Thursday, 18 August 2011

Lost in Life

I have the skills to work anywhere. The practicality though is that life and work tends to tie a person to a place or area and usually the place or area in which they live. Thing is, as of this time, I am still residing with my family so I don't have a place. I have a local. I don't need to always be near my family.

I need something, someone to give me a reason to be somewhere. The person I would choose to define that is Alex and I would be happy wherever I was with her. Problem is, I can't be anywhere with her without her support and encouragement to be there with her as more than just her friend. Such encouragement is not forthcomming and infact negitive reinforcement is present (it lost me my last job because I paniced in the second stage interview because all I could think about was what she said before the interview "I don't think its a good idea for you to get the job".. "You can hope you get it, I will hope you don't"... "I want you to be out of my place by Tuesday").

So, I don't have any reason to be anywhere. I have lots of minor "whims" of places to be. I have friends in New Zealand, California, Lancashire and I have Alex, the one person in this world who gives me a sense the world is truely worth living for on the South Coast.

There isn't any pressing reason to be nearer any of my friends, excepting Alex and she is the love of my life (sometimes I so feel like the love of hers, usually when arriving at that point soon after I remember all the things she has said, especially "you are the one person I would never go out with" and "I will Marry someone else, I will have kids with someone else"). So why am I still utterly and uncontrollably in love. I have no doubt in that love, I know its right and I know its complete. Sometimes I don't doubt she loves me as much, though everything she says goes against this sense and I don't have complete and utter conviction she loves me completely (though I am she does love me, I am just not sure she loves me with her whole heart as I love her.. and what she says suggests very strongly, possibly unequivibly she doesn't love me. Yet sometimes how she acts suggests contrary to what she says. Lies are HELL, they make a person doubt the truth).

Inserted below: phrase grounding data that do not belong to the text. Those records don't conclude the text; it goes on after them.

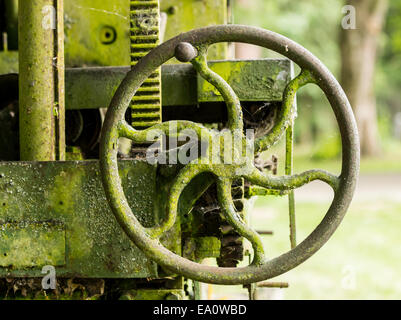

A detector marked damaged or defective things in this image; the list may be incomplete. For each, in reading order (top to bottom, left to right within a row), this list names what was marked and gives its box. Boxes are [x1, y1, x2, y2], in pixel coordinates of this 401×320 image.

rusty metal surface [99, 25, 360, 284]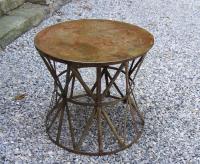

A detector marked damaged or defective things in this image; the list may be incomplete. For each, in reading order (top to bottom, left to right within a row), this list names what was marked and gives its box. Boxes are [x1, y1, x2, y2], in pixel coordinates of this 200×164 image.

rust stain [34, 18, 154, 63]
rusted tabletop [34, 19, 154, 65]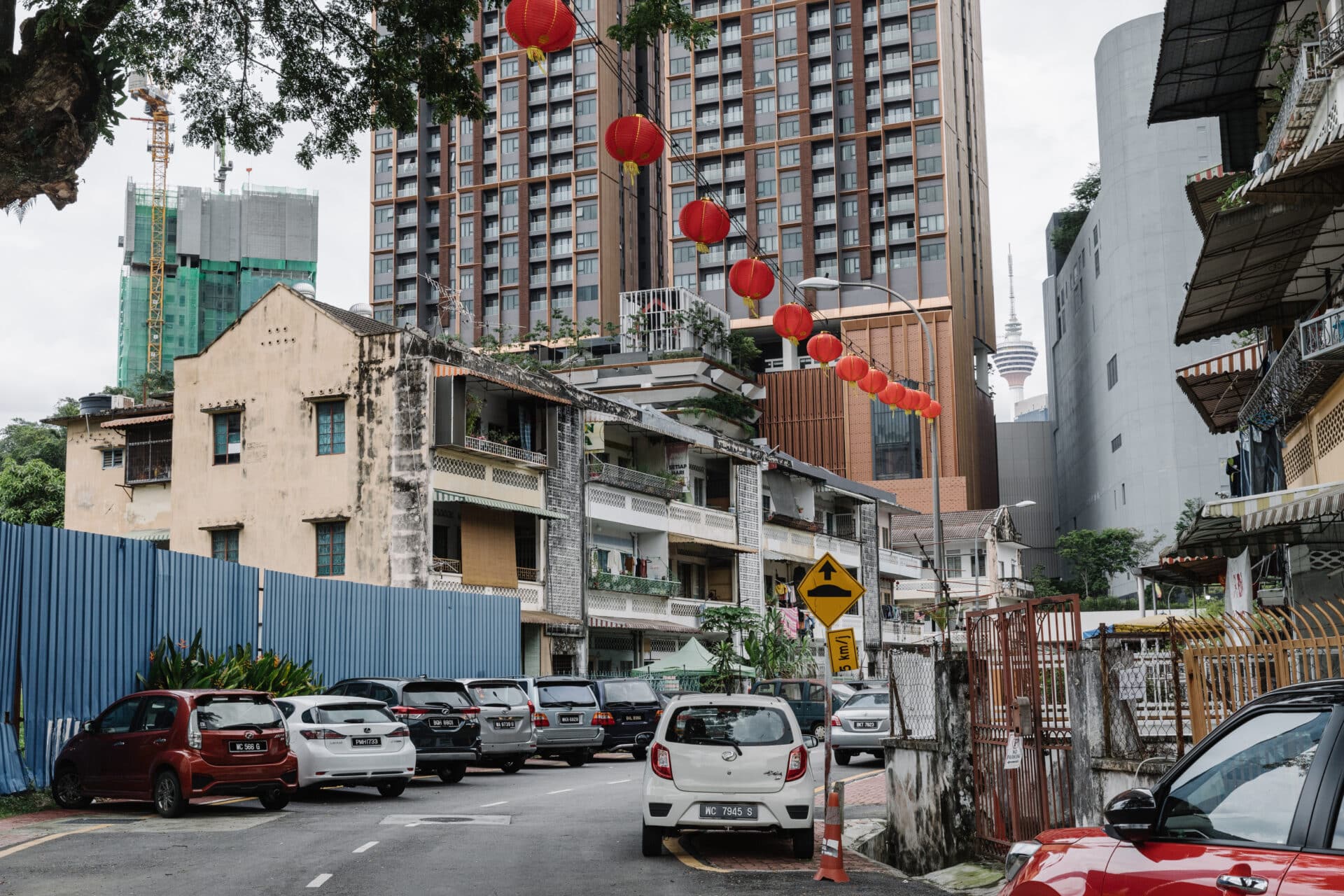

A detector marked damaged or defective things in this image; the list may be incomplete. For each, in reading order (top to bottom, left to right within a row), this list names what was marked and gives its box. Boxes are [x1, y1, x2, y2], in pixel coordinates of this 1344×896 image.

Where do I go now? I know wherever it is, its not here. I don't belong here any longer, I don't fit. I sort of fit in NZ but how much.

I am tired of being perfectly suited for jobs and being turned down based on dumb pre-conceptions. I've heard "spotty employment history" quoted a few times and reciently "over confident" was sited. Over ****** confident! Course I am, I have 15 years of experience and I can work to develop anything on Microsoft platforms. I just need a job I can believe in and when one comes along they seem to have trouble believing in me.

Story of my life, beside family, only one person has ever put their complete faith in me and they still believe. Its just a shame we don't work together.

I need a reason to be somewhere, I need something to believe in that can't/won't let me down.... I know, I know... I am hearing it too... I, I, I, I .. Me, Me, Me, Me.... The sad thing is though, what "Me" wants is someone to believe in who will believe in me, someone who believes in the me I know. Alex sees the real me, though she chooses to not believe (or not to love me as her life partner).

AGGGGG! life.

I don't even know what I want anymore. Alex is all I want/need except that she refuses, is unable, cannot accept me and choose me as hers. How can I want another Alex? shes irriplaceable, shes everything. What can I want / need now?